As the Winnipeg Free Press reports:

Nicole Loeb will never forget where she was or what she was doing just over a month ago.

June 28 was a hot, humid day, and Loeb — along with 11 other students and a team of instructors — were piled into vans en route to Iowa, in pursuit of a storm. Loeb and her fellow students are from the 2017 class of Severe Thunderstorms: Storm Chasing and Field Techniques, Canada’s only for-credit storm-chasing course, helmed by Prof. John Hanesiak and offered through the University of Manitoba’s Clayton H. Riddell Faculty of Environment, Earth and Resources.
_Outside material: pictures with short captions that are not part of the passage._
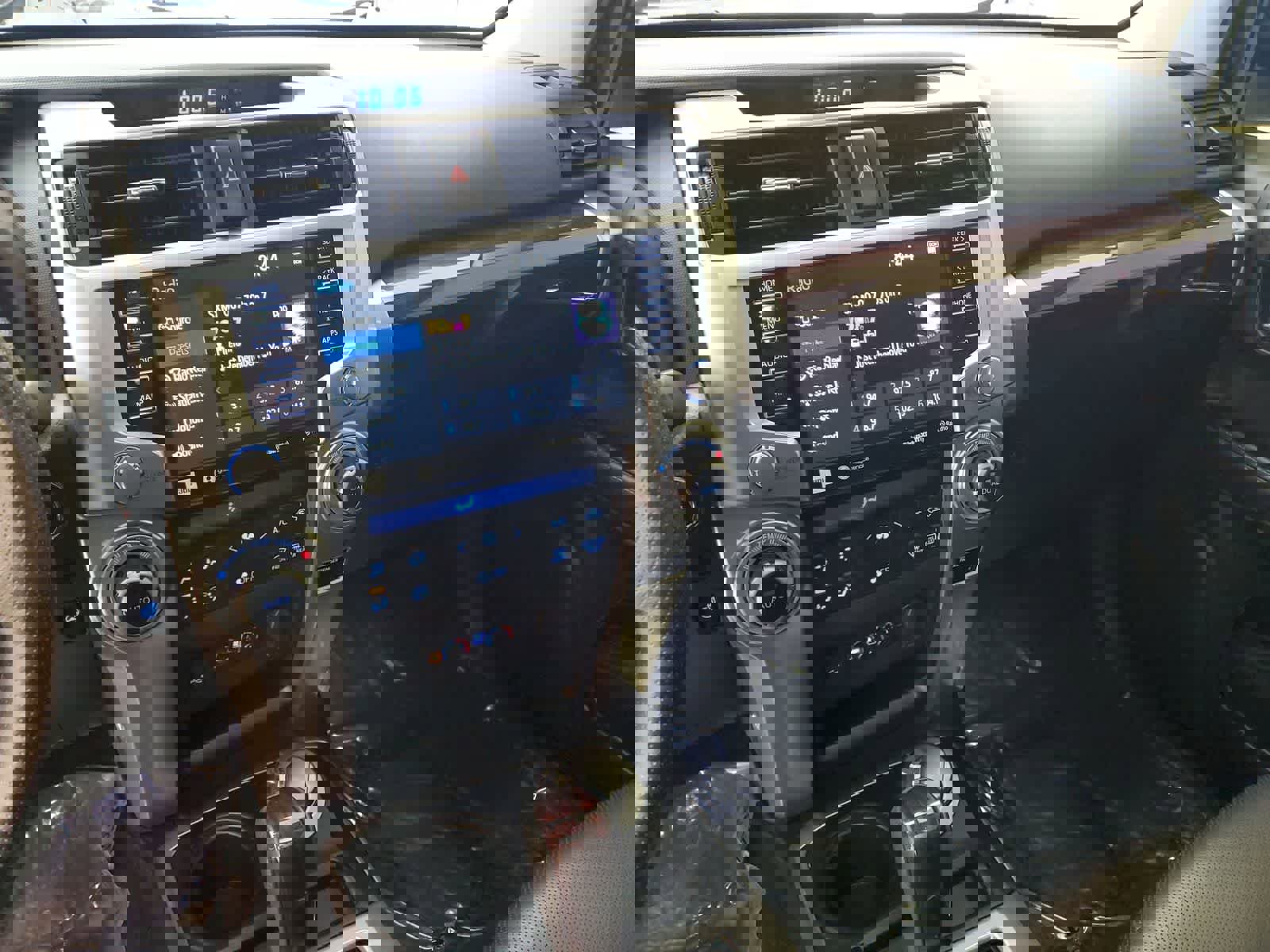 Used 2023 Toyota 4Runner Limited image 31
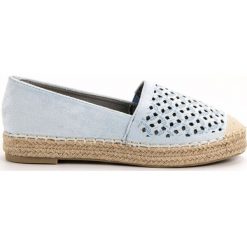Niebieskie Zamszowe Espadryle VICES. Niebieskie espadryle damskie VICES, bez wzorów, z zamszu, eleganckie, bez obcasa, bez zapięcia. W wyprzedaży za 99.00 zł.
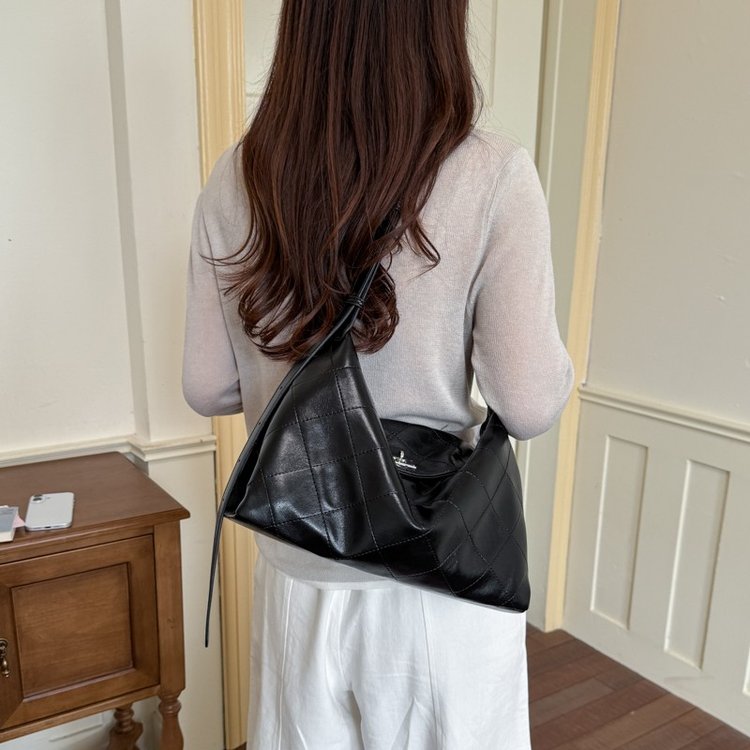 PU Quilted Tote Bag for Daily Use Summer 2026 One Size - Image 4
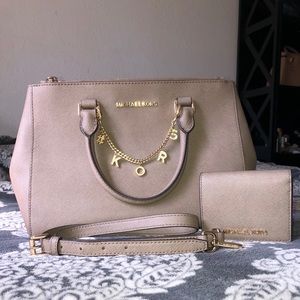 Michael Kors Medium Sutton Satchel in Dark Dune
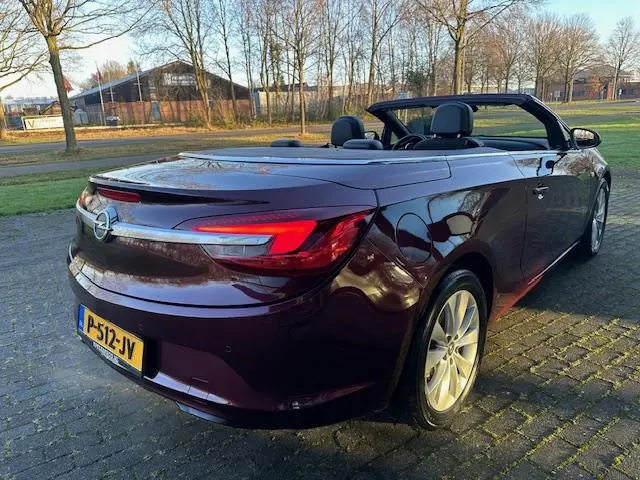 Opel Cascada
They had started their day in central Nebraska. Every morning of the week-long field trip, the crew would assemble in the hotel lobby or breakfast area and, fuelled by paper cups of coffee, sketch out the day to come.

“We’d get into groups and we’d each present where we thought the storms of the day would be, and why,” says Loeb, 22, a fourth-year atmospheric science student at U of M, earning her bachelor of science in physical geography.

“The analysis looked pretty good, but it wasn’t obvious that it was going to be a big day.”

The forecast took them east, to Iowa. “When we crossed the border, we were kind of in the middle of hills — and when we’d catch a glimpse of what was going on, it just looked better and better,” she says.

“All of a sudden, we were like, ‘We need to stop and watch this storm.’ Right when we stopped, the rotation tightened up and put down the first tornado. Mother Nature put on a show for us, that’s for sure.”

Hanesiak’s team saw at least two of the 26 tornadoes that ripped through the Midwestern U.S. that day.

“We saw pretty much everything one would wish to see on a trip like this,” says Hanesiak, who has been taking students on this once-in-a-lifetime field trip roughly every other year since 2005.

“Every type of supercell storm — low precipitation, classic and high precipitation. One of the best ‘gustnadoes’ I have ever seen, amazing storm structures, experiencing various inflows and outflows, hail, nice shelf clouds and, of course, tornadoes — two at least, maybe three. The best part was that we did this all very safely.”

Indeed, safety is the first priority for Hanesiak, a veteran storm chaser and trained meteorologist, and his fellow instructors Pat McCarthy and Jay Anderson, who are both retired severe weather forecasters, and Dave Carlsen and Justin Hobson, who both currently work with Environment and Climate Change Canada.